Task description: Use the entries below and reproduce exactly the lines from the one containing "This video will" down to the one containing "That was our", both of them included.
[[ Task input, beginning ]]
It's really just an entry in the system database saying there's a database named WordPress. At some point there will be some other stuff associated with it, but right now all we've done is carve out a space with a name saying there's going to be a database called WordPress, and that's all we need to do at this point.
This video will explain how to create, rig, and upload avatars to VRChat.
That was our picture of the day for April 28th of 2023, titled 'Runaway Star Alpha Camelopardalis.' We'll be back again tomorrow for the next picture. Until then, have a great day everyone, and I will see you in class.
[[ Task input, end ]]
[[ Task input, beginning ]]
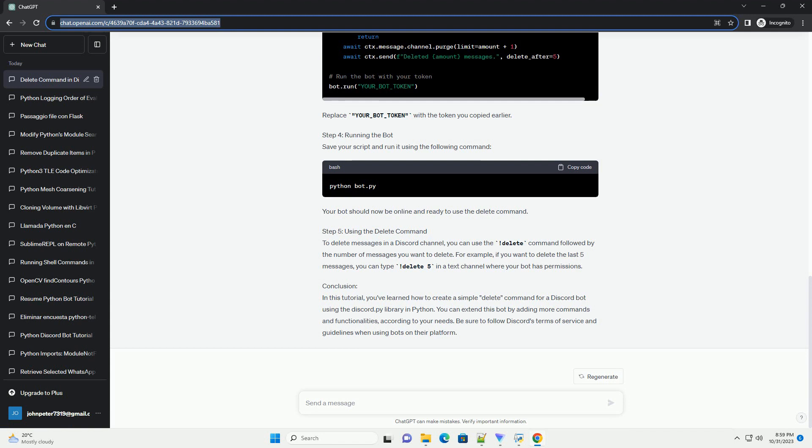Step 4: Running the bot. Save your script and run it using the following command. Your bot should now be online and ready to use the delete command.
[[ Task input, end ]]
Answer:
This video will explain how to create, rig, and upload avatars to VRChat.
That was our picture of the day for April 28th of 2023, titled 'Runaway Star Alpha Camelopardalis.' We'll be back again tomorrow for the next picture. Until then, have a great day everyone, and I will see you in class.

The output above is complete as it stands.